But this was never the purpose of our tender Lord and shepherd. He brought the doctrine of the reward to console his flock, who must fill up his sufferings on this earth and become nothing among the wicked world. 

11. Blessed are ye, when men shall revile you, and persecute you, and shall say all manner of evil against you falsely, for my sake. 

12. Rejoice, and be exceeding glad: for great is your reward in heaven. (Matt. 5:11–12)

And so the purpose of this paper is to explore the practical significance of the eschatological reward in light of the “Reward of Grace” sermon, which sermon was in part—if not entirely—the occasion for writing this paper. To this end the paper will first set forth a definition of the reward and then develop each aspect of this definition.

 

A Definition

It is important to begin with a clear and concise definition of what the reward is. The “Reward of Grace” sermon failed at this basic point. As Classis East stated in 2020, “The sermon failed to clearly define the ‘reward of grace,’” which caused “confusion.”4

To begin I note briefly that both scripture and the creeds speak of a reward and particularly of a reward that will come at the end of this present age. The biblical words שָׂכָר and µισθός, together with their derivatives, are commonly translated as “reward” in the King James Version. An example from the Old Testament is found in Jeremiah 31:16: “Thus saith the Lord; Refrain thy voice from weeping, and thine eyes from tears: for thy work shall be rewarded [שָׂכָר], saith the Lord.” From the New Testament there is Matthew 5:11–12: “Blessed are ye, when men shall revile you, and persecute you, and shall say all manner of evil against you falsely, for my sake. Rejoice, and be exceeding glad: for great is your reward [µισθός] in heaven.” The Heidelberg Catechism speaks of the reward in Lord’s Day 24 when it defends justification by faith alone against the merit of good works. Belgic Confession article 24 affirms the existence of a reward in connection with its denial of merit in salvation. The Canons also speak of the reward in its rejection of errors.5

For a proper definition it must be acknowledged that scripture does not always speak of the reward of grace when it speaks of a reward. The wicked have a reward: “When thou doest thine alms, do not sound a trumpet before thee, as the hypocrites do in the synagogues and in the streets, that they may have glory of men. Verily I say unto you, They have their reward” (Matt. 6:2). This reward of the wicked differs substantially from the reward of grace. Furthermore, Jesus Christ has a reward: “The Lord rewarded me according to my righteousness: according to the cleanness of my hands hath he recompensed me” (2 Sam. 22:21; Ps. 18:20). The reward of grace is intimately related to this reward of Jesus Christ, but there are important differences. A proper definition must reflect all these things.

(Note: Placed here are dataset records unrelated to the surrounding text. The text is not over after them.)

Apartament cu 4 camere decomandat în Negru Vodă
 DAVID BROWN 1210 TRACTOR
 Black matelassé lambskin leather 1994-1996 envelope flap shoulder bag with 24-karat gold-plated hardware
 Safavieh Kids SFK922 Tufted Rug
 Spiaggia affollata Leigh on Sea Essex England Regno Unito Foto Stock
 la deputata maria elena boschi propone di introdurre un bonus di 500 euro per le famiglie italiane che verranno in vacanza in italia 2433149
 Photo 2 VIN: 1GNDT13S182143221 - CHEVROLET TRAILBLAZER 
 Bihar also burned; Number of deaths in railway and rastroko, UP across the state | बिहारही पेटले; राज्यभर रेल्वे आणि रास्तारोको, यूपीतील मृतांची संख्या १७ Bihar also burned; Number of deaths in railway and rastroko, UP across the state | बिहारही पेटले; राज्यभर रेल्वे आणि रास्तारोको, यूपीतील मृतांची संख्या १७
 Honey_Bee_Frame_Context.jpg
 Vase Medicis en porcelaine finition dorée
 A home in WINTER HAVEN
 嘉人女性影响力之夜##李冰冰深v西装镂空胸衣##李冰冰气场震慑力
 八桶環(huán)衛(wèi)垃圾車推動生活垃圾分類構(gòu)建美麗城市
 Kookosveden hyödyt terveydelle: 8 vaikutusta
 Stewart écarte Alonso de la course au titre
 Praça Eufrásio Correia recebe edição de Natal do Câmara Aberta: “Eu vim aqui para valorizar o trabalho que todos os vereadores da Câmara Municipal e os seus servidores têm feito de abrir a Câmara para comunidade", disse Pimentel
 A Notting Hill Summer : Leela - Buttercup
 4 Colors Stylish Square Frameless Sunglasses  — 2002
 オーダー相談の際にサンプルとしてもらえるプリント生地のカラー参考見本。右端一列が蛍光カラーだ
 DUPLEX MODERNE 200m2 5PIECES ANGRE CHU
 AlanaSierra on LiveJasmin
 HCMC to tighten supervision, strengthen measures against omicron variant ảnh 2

If one were to find a genus–species definition for the reward of grace in the fields of Reformed literature, he would have a pearl of great price. Without any other definition to cite, I offer my own. The reward of grace is the wages of Jesus Christ, which is freely bestowed by God in election and which superabundantly replaces all that the children of God lose in this life as they follow after Christ.

 

Wages of Jesus Christ

First of all, the reward of grace is “the wages of Jesus Christ.” That the reward may be called “wages” is derived from the meanings of both שָׂכָר and µισθός. The King James Version translates these words as “wages” in some instances. For example, Exodus 2:9: “Pharoah’s daughter said unto her, Take this child away, and nurse it for me, and I will give thee thy wages [שָׂכָר].” Also John 4:36: “He that reapeth receiveth wages (µισθός), and gathereth fruit unto life eternal: that both he that soweth and he that reapeth may rejoice together.”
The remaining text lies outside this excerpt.